Dataset excerpt>
========

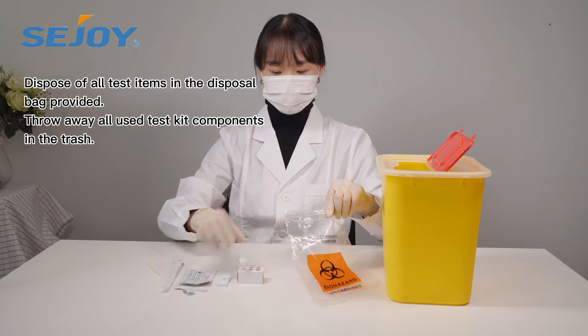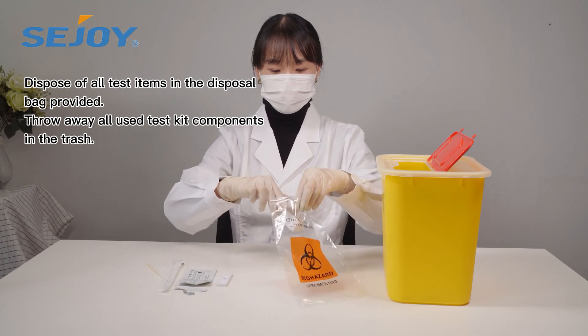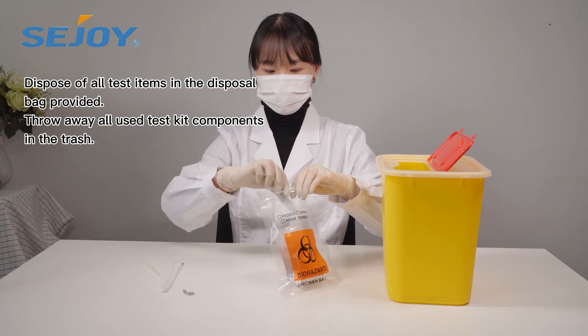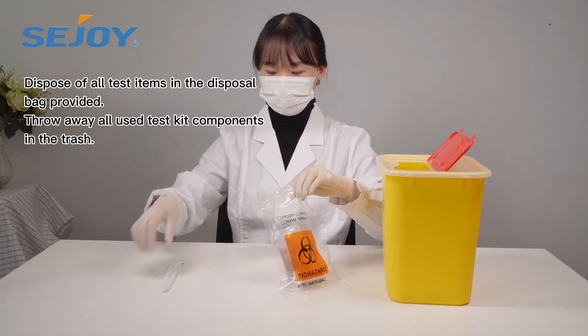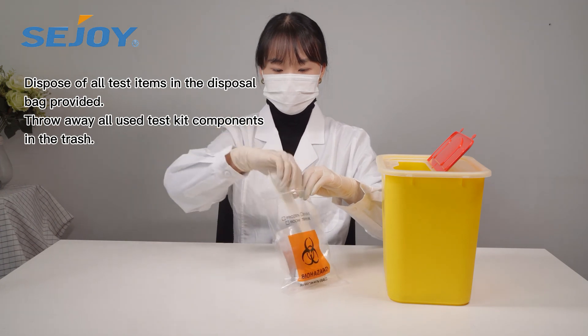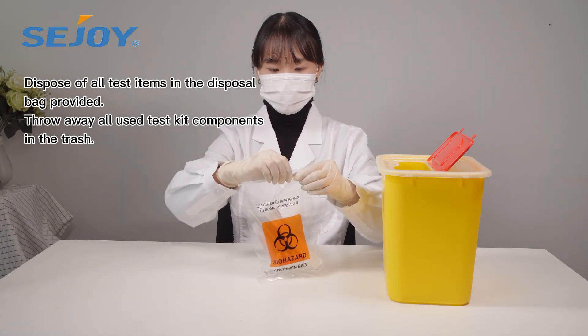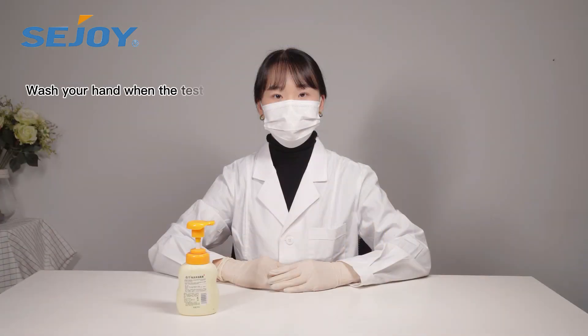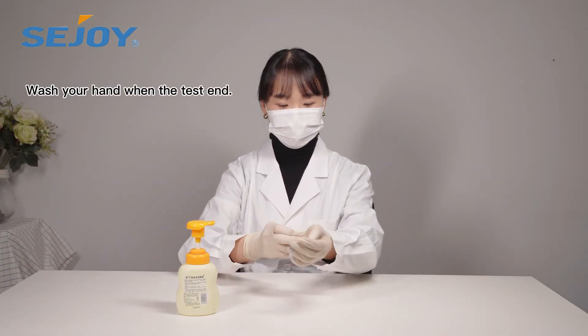Dispose of all test items in the disposal bag provided. Throw away all used test kit components in the trash. Wash your hands when the test is ended.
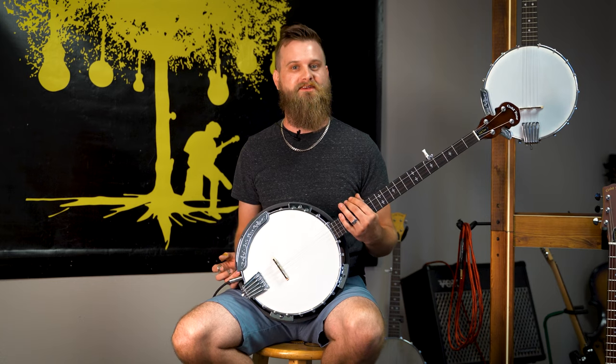Hi everybody, Scotty with Gold Tone here, and today we have the CC100R Plus Banjo.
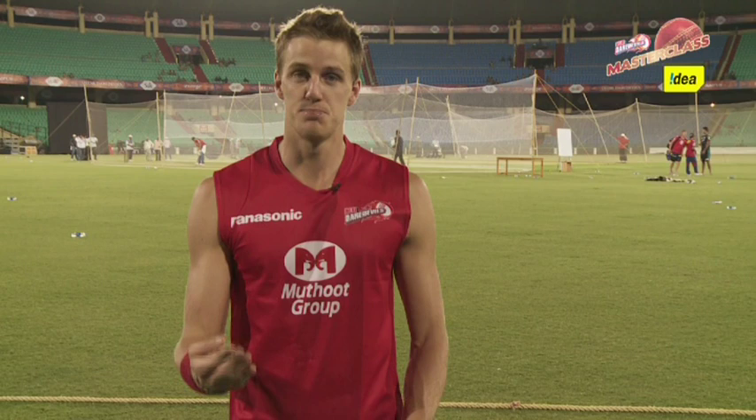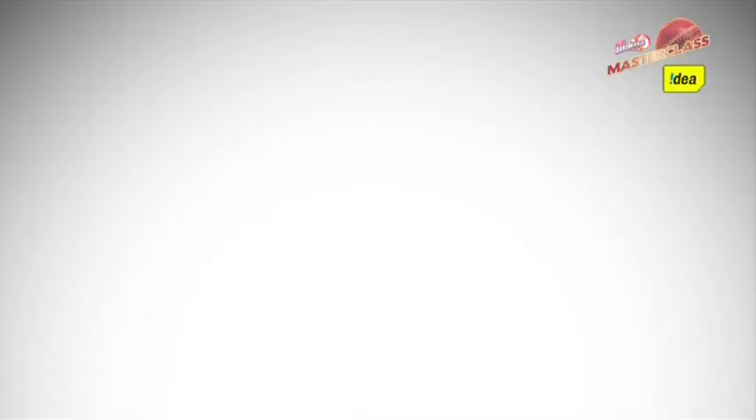Commit to your ball. Practice makes perfect, so make sure you do a lot of that training at nets, and I'm pretty sure it'll help you in the game. Thank you.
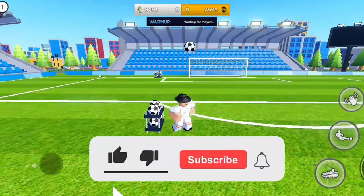Keep training and you will be able to do this. And don't forget to like and subscribe if this was helpful.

========

What you should do> Beginning at the line containing "Commit to your", restate every line through the end of the material above exactly; omit the pictures.

Exercise output>
Commit to your ball. Practice makes perfect, so make sure you do a lot of that training at nets, and I'm pretty sure it'll help you in the game. Thank you.
Keep training and you will be able to do this. And don't forget to like and subscribe if this was helpful.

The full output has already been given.